Manhattan’s rental market showed renewed strength after a rather slow first quarter. The $130 million capital improvement p...
Manhattan’s rental market showed renewed strength after a rather slow first quarter.
The $130 million capital improvement program at 1155 Sixth Ave. continues to pay off for the Durst organization. Some 200,000 square feet of leases have been signed over the past twelve months. Today, a just-signed deal for an additional 77,000 square feet at the “Apex” of the 740,000 square foot tower has boosted occupancy to over 70%.
Global Relay USA, a division of a Canada-based company that provides technology services to financial companies, is moving from a small office at 286 Madison Ave. for 1155 Sixth Apex – a five-story building on floors 38-42. The 42nd floor is designed as a penthouse pavilion featuring a wraparound outdoor terrace and a thirteen-foot glass curtain wall that self-tints during the day to reduce glare.
The asking rent was $150 per square foot for the top floor and $115 per square foot for floors 38-41.
The top floor pavilion was previously a mechanical space. Durst created it by establishing a new double-height entrance to the lobby, which allowed floor space to transfer to the top of the tower, explained Tom Bow and Rocco Romeo, Durst’s rental bosses.
They replaced the in-house owner with Tanya Grimaldo. The tenant was replaced by Michael Cohen, Howard Kaplowitz and John Brasier of Colliers.
Cohen said Global Relay was drawn to the Apex’s “200-seat column-free auditorium”, outdoor space and “commercial-grade cuisine a stone’s throw from Bryant Park.”


1540 Broadway gets new funding
The owners of 1540 Broadway, the former Bertelsmann building, secured $590 million in financing for the office floors of the 44-story tower. The new loan confirmed confidence in the future of the tower and the entire 31 million square foot Times Square office market.
A Newmark team led by Jordan Roeschlaub and Dustin Stolly represented 1,540 owners of Broadway Edge Fund Advisors and HSBC to secure the loan from Apollo, MSD and Monarch.
It is repaying $427 million in old debts and also providing $99 million for rental campaigns, future property improvements (in addition to the $40 million in upgrades already completed), and interest reserves. , according to a prospectus.
The loan is only for office floors; Vornado has retail space at the base of the tower where tenants include the Disney Store.


The 907,000 square feet of office floors – technically a condominium, just like the Vornado part – are 66% leased to 19 tenants including pharmaceutical software developer Schrodinger Inc.. is the largest at 108,000 square feet.

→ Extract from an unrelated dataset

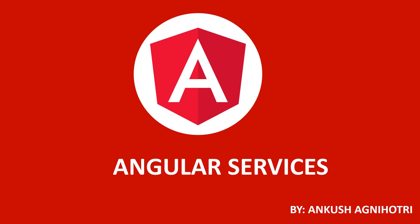Hello all, my name is Ankush Agnihotri. Today we will continue our Angular journey. This is part 10 of it. If you haven't watched the other parts, I suggest you watch those first. Link is in description.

The loan offer quotes starting rents at 1540 Broadway between $75 and $90 per square foot.
The building opened in 1992 as the headquarters of German media conglomerate Bertelsmann, which sold it in 2004.
Time Warner at Deutsche Bank
The transformation of Related Companies’ Columbus Circle megaproject from a media hub to a financial center is nearing completion.
Hedge fund PDT Partners, founded by math wizard Peter Muller, has leased 110,000 square feet in the office portion of the twin-towered skyscraper that used to be called Time Warner but is now Deutsche Bank Center.
Although the agreement is signed and sealed, it is shrouded in silence. No one we contacted would return calls or comment: the CBRE brokers who represented PDT (Ben Shapiro and Silvio Petrillo), the JLL team for Related (Peter Riguardi, Frank Doyle, Clark Finney and Ben Bass), and a representative for Related itself.

But it’s clear that PDT’s lease eats up nearly all of the remaining available office space previously held by Time Warner, which sold it back to Related in 2014. Deutsche, which moved from 60 Wall St., leases 1 .05 million out of a total of 1.2 million. square feet at Columbus Circle. Asking rents would be around $130 per square foot.
The move marks an expansion for PDT, which expands from approximately half the space to 1745 Broadway in SL Green.
Bill’s deal may not be fully prepared
The agreement we recently talked about to relaunch the Bill’s Restaurant Townhouse Site at 57 E. 54th St. might not be quite done after all.
Although we wrote on Feb. 27 that Hunt & Fish Club partner Christian Pascal was leasing the site for nearly $40,000 a month to launch a new restaurant, a sign advertising the three-story building’s availability still hangs nearby. the awning.
Meridian Capital broker James Famularo said the lease had in fact been signed. But possible problems have arisen over Pascal’s ability to finance the project amid market jitters over Ukraine and a rise in Covid-19 cases.